GOAL OF THE EXERCISE: In the data below, begin at the line with "14K Yellow 15mm" and stop after the line with "Custom Aotearoa Atua"; output those lines exactly and no pictures.

- - -

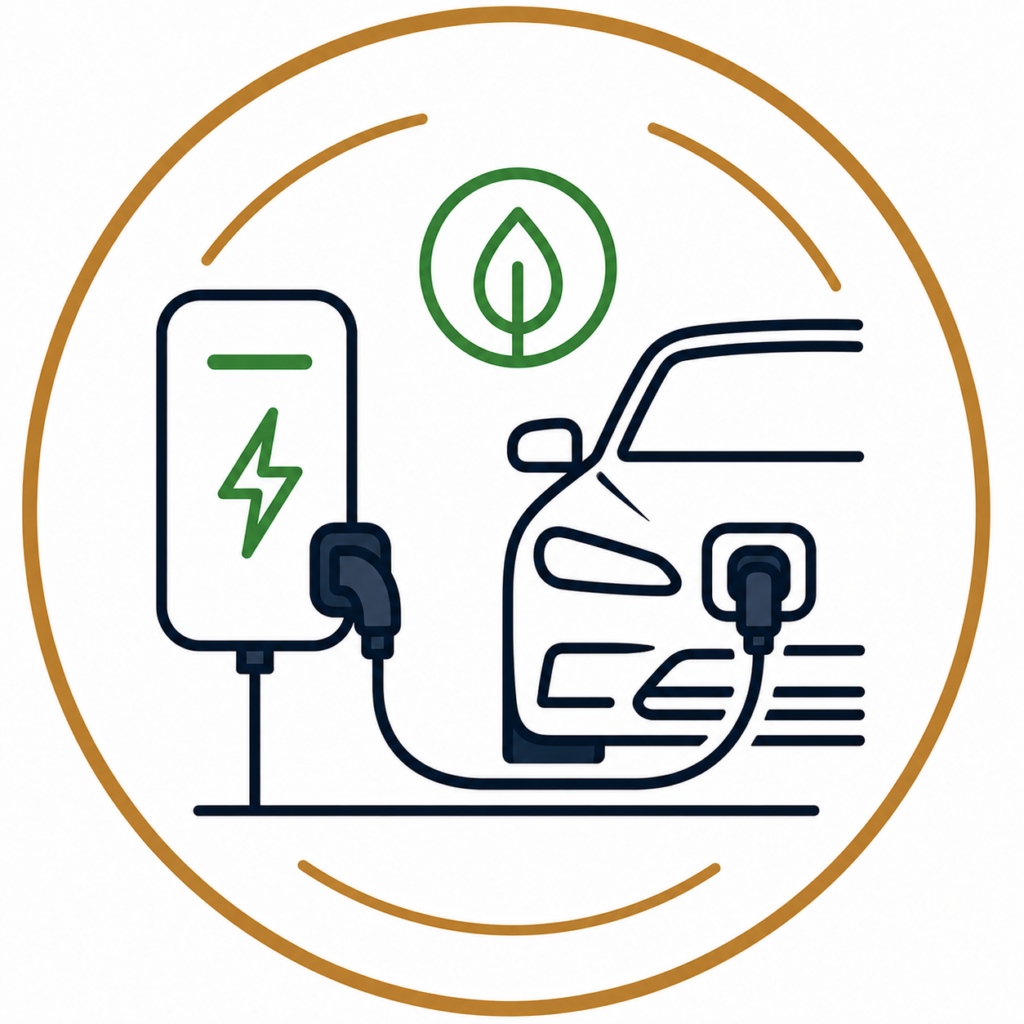 EV charger installation icon featuring an electric vehicle connected to a wall-mounted charging station, representing professional EV charger installation for homes and businesses.
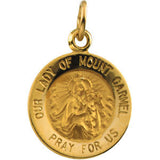 14K Yellow 15mm Our Lady of Mount Carmel Medal Pendant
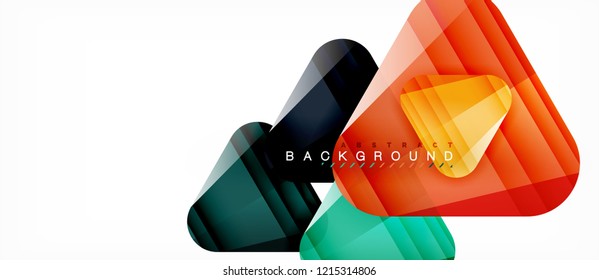 Triángulos de vidrio composición geométrica moderna, fondo abstracto, diseño vectorial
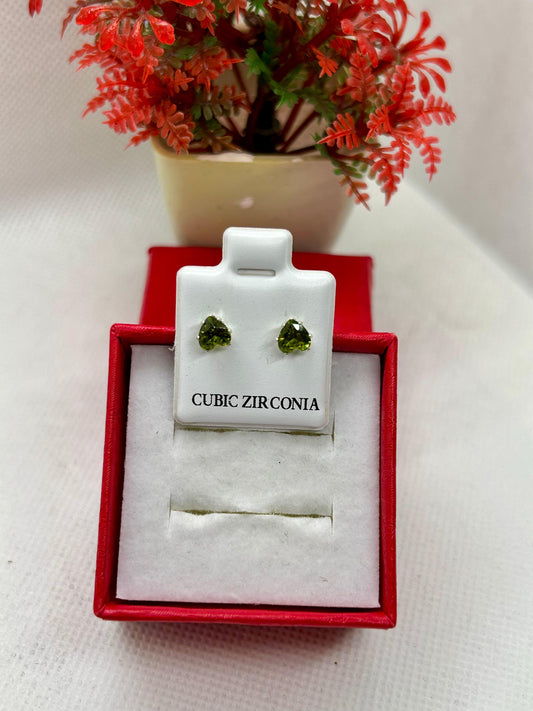 Heart Cubic Zirconia Studs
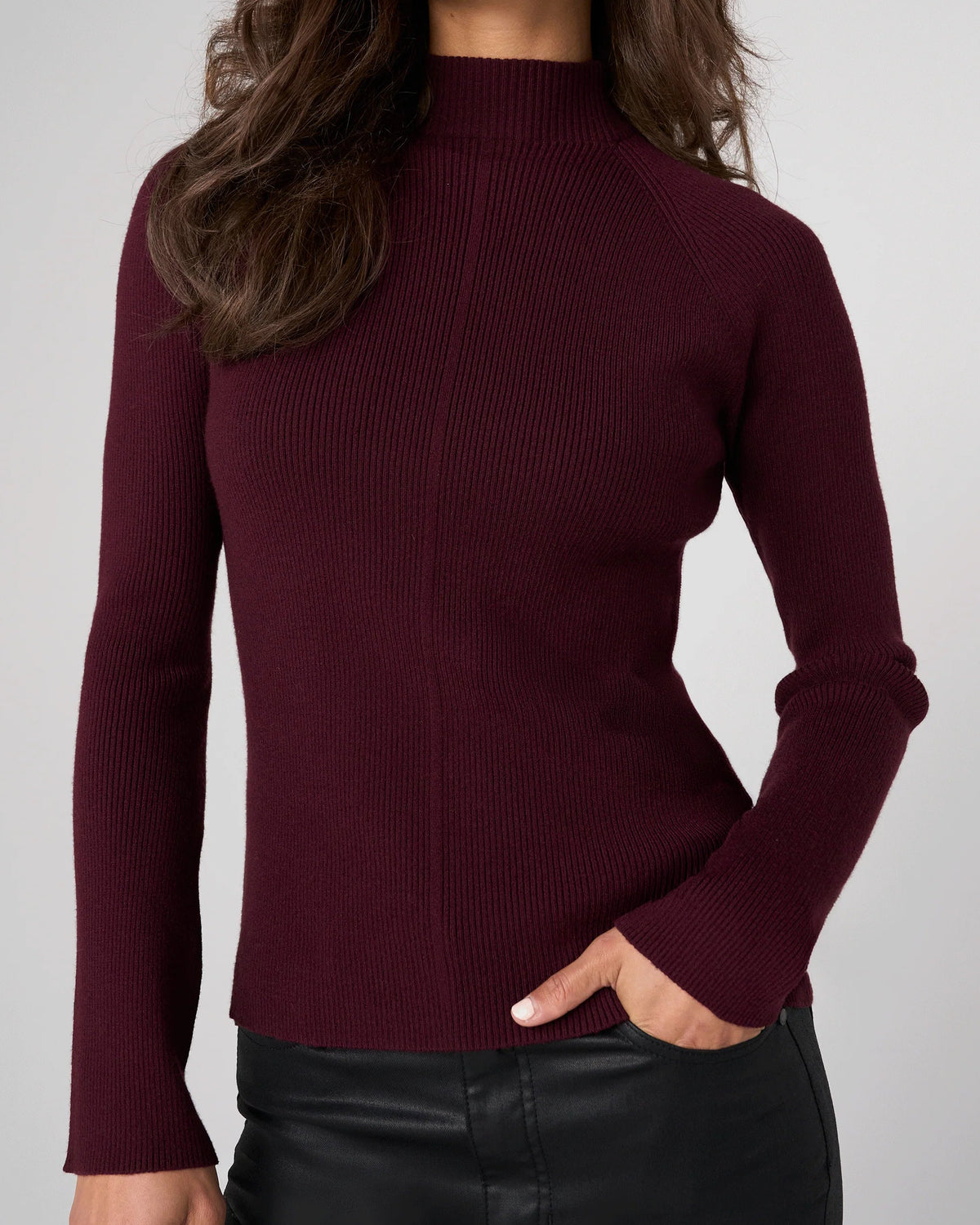 Liverpool Long Sleeve Turtle Sweater | Dark Oxblood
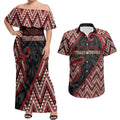 Custom Aotearoa Atua Tumatauenga Couples Matching Off Shoulder Maxi Dress and Hawaiian Shirt God Of War Koru Patterns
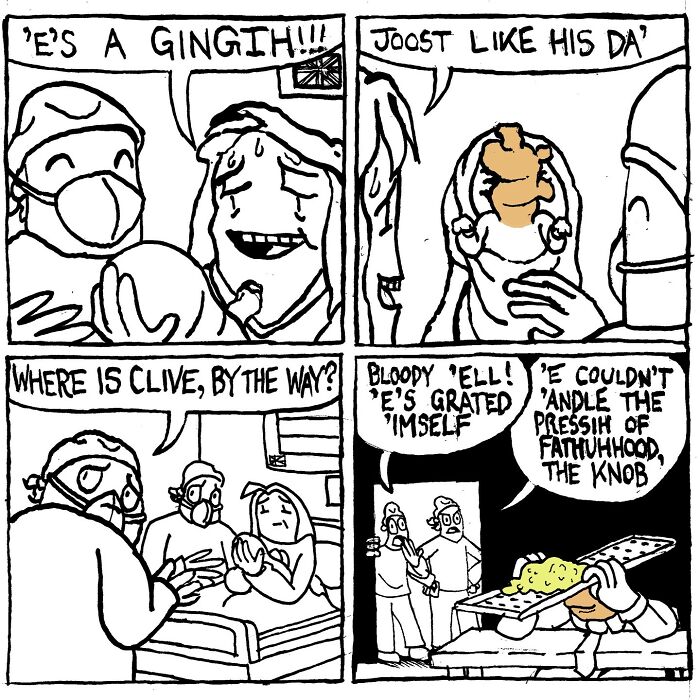 Comic by Alex Hood showcasing sharp humor with a baby resembling ginger root, discussing fatherhood pressure.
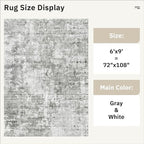 Soalmost 6x9 Abstract Area Rugs for Living Room 6 x 9 Washable Non Slip Low Pile Gray Rugs for Bedroom Dining Room Foldable Thin Gray White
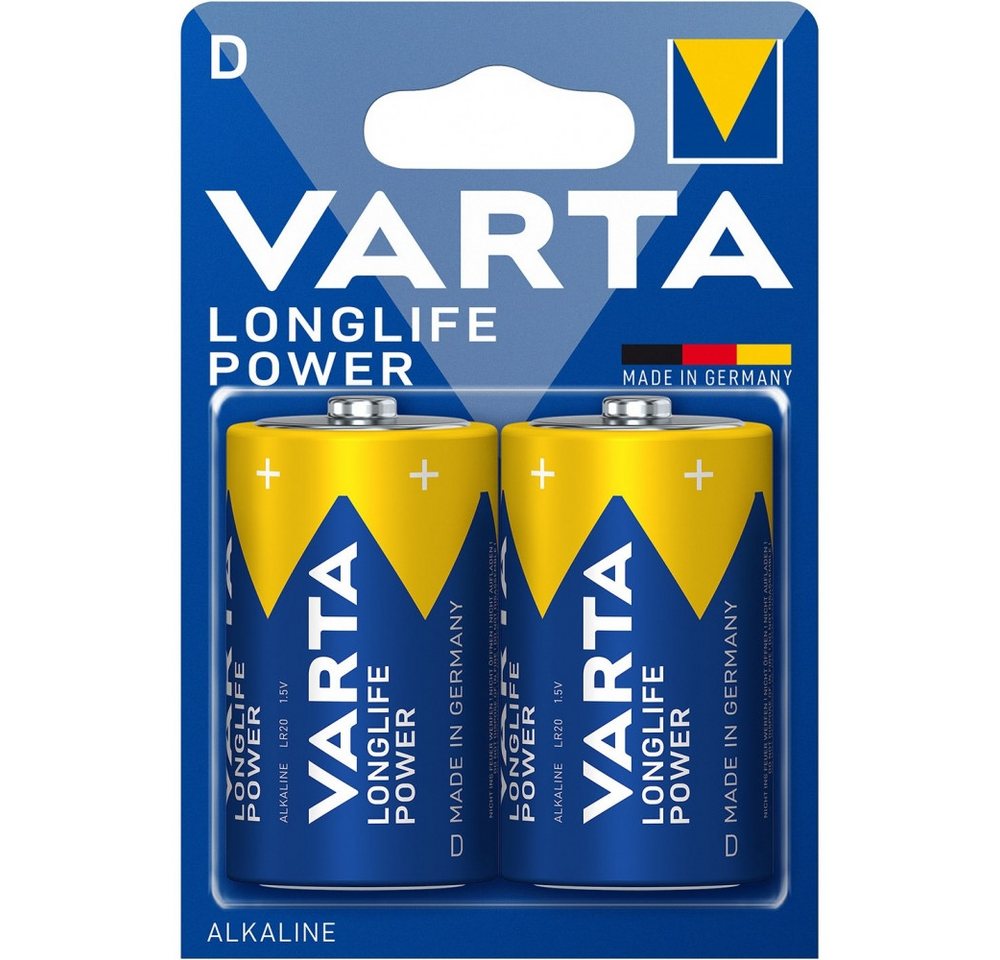 VARTA Varta Longlife Power D 2er Blister Mono-Batterie Akku Varta Longlife Power D 2er Blister Mono-Batterie (1,5 Volt V), Kraftvolle VARTA Batterien für energieintensive Geräte von VARTA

- - -

ANSWER BELOW:
 14K Yellow 15mm Our Lady of Mount Carmel Medal Pendant
 Triángulos de vidrio composición geométrica moderna, fondo abstracto, diseño vectorial
 Heart Cubic Zirconia Studs
 Liverpool Long Sleeve Turtle Sweater | Dark Oxblood
 Custom Aotearoa Atua Tumatauenga Couples Matching Off Shoulder Maxi Dress and Hawaiian Shirt God Of War Koru Patterns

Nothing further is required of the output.